User experience (UX) design has been the bedrock of most design team processes for years. Typically, teams heavily focus on qualitative methods to uncover customer needs and validate solutions. However, the need for objective, quantitative data in this process is growing. While the majority of teams (71%) report leveraging some quantitative data, almost everyone struggles with how quantitative data plays into the UX design process. And that’s a problem for customers. The result of that on the business side is lower customer loyalty, higher churn, and reduced revenues—all from a very fixable problem.

Data-Informed, Not Data-Driven

Quantitative data rarely tells the whole story when it comes to customer needs and wants. It might tell you that someone isn’t clicking the button 90% of the time, but observing a user and asking unstructured questions is still the best way to reveal why they aren’t clicking or how they got to the button in the first place.

Nevertheless, a quantitative, data-informed process reveals journey-wide trends that UX teams can then validate with qualitative analysis. Qualitative data captures a moment in time, which is why it’s so powerful for understanding motives and validating assumptions, but quantitative data helps us take a more holistic, birds-eye view of the journey.

Baseline Creation

UX researchers regularly need to “unlearn” previous assumptions so they can keep up with new trends and emerging ideas. Quantitative data provides an easy baseline that can be updated, repeated across multiple tests, and re-built for any context. The result is that UX researchers can ask questions based on up-to-date baselines, making the unlearning process easier because there is a new anchor to focus on.

When the UX design process becomes data-informed, the whole process becomes more sustainable, scalable, and traceable. This ties directly to creating unique digital experiences, something the vast majority of customers say is critical to their purchase decisions.

case study

A Tailored Platform Experience

Commerce Accelerator | Retail Infrastructure | Experimentation & Roadmap Development

Read the case study

How to Build a Data-Informed UX Process

When it comes to creating a data-informed UX process, there are four key steps:

Step 1: Audit and foundations

The outcome of this step is to identify what data to measure and to set up hypotheses you want to test.

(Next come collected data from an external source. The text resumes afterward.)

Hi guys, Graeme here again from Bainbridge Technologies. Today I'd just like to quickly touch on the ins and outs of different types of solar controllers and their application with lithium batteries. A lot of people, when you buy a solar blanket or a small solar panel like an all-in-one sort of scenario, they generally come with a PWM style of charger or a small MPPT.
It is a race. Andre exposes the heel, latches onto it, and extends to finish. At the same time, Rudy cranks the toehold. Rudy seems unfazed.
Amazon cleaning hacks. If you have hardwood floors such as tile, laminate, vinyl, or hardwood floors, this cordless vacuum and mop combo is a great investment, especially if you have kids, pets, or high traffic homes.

Break down the UX process into individual elements, just as you would in a qualitative process, auditing for the following factors:

  • Relevant: Is it relevant for the context?
  • Attributable: Can uplift in this data be attributed to changes in the experience design, solely or at least in part?
  • Testable: Is there a delta in the metric that we can test for?

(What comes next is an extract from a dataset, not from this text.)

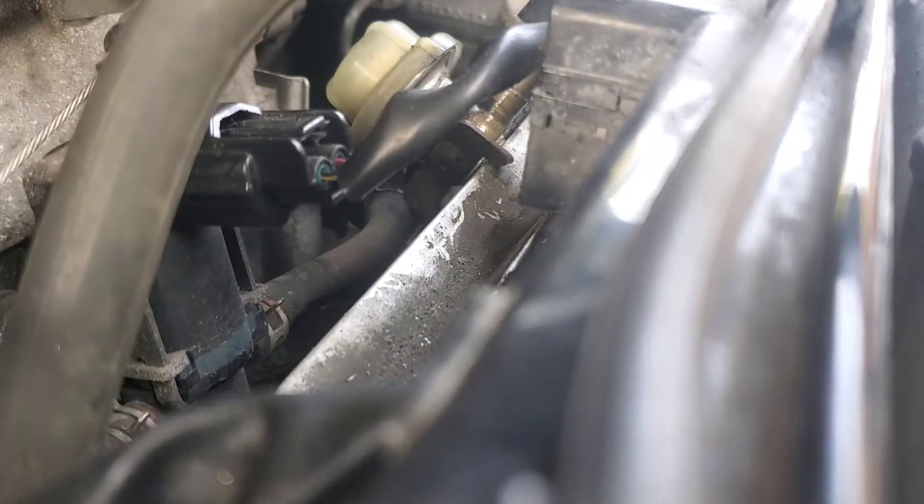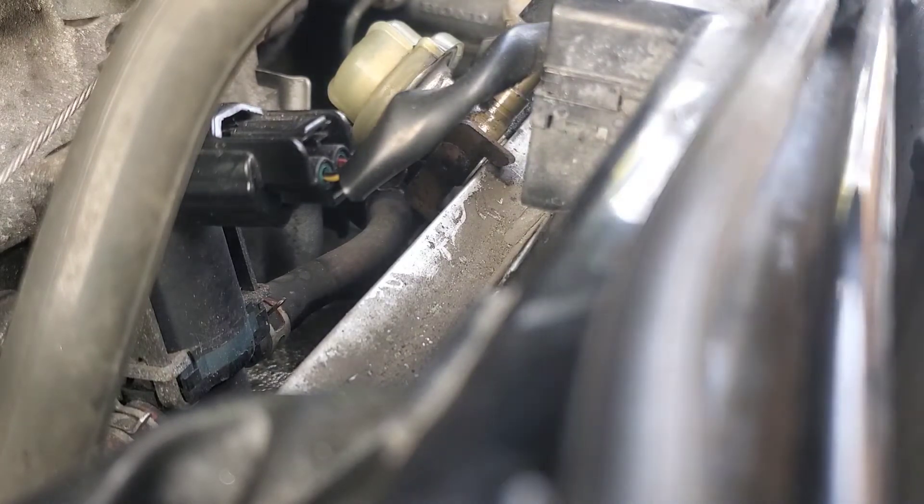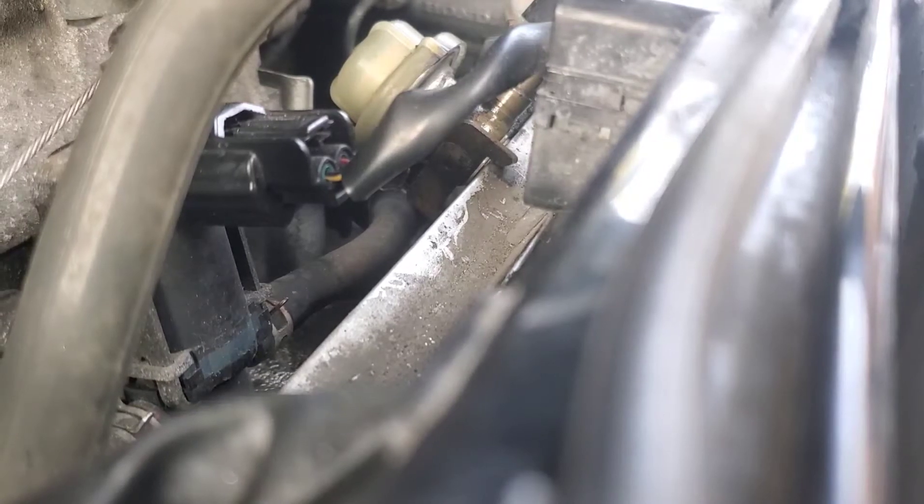We checked the spark, now we're going to check for fuel. So we've got spark, we've got fuel. The only other thing we haven't checked is compression, and based on the way the engine sounds when I try to start it up, I'm thinking there may be a compression issue.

From here, either research a baseline—if you have the customers or existing data—or look for third-party research to help you set up a baseline.

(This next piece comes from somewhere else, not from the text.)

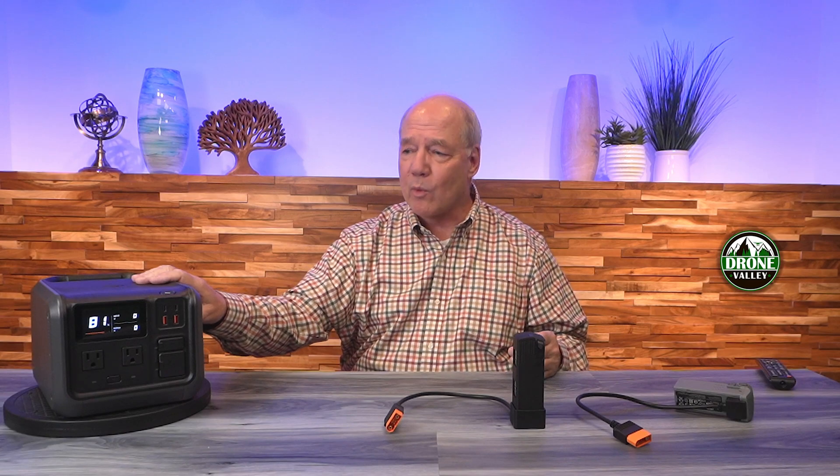So all things considered: 512 watt hours of internal energy, 13 pounds, incredibly portable, with a lot of different ways to use that stored power. You can charge it at home in about 70 minutes. It's a really unique unit in the marketplace, especially if you're flying the Mavic 3 or the Air 3. Hopefully you found this review helpful — thanks an awful lot for watching.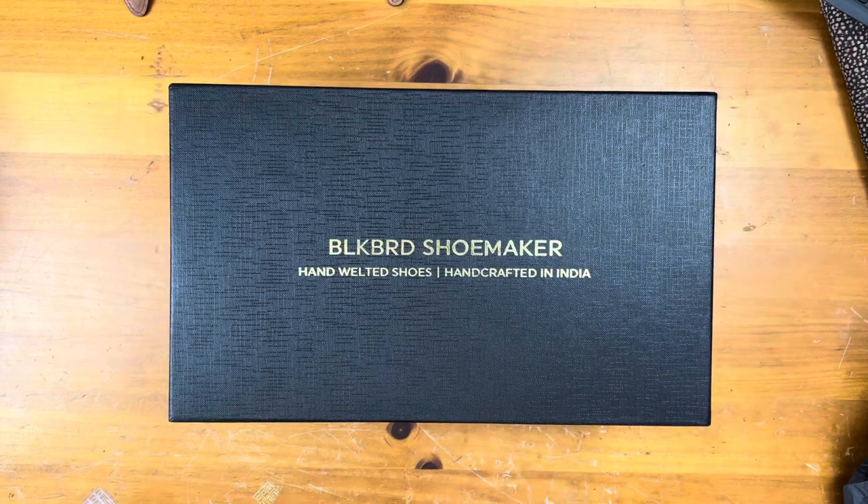Welcome back. This is Wisconsin Shoe Guy. This is take three of an unboxing for a very cool pair of shoes coming from Blackbird Shoemaker in India.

Step 2: Identify triggers and set up measurements

The outcome of this step is to make sure you have the tools or software necessary to measure key metrics. In particular, look at these three factors:

  • Recordable: Have you put relevant analytics software in place to view, analyze, and visualize the data?
  • Reliable: Is there a large enough sample size? Is there noise or unpredictable variance that you need to account or control for in the data?
  • Valid: Have you ensured your analytics system is “data-friendly” (i.e. is it able to both capture data that is valid and confirm that its source is reliable)? Are there any biases or other obstacles to overcome to ensure data is attributed correctly?

From here, choose the methods you’ll use to collect data, such as: A/B testing, heat maps, traffic data, or clickthrough testing. Quantitative UX research methods vary widely depending on the context and goal, and some companies may benefit from outside advisors to help them set up the right experiments.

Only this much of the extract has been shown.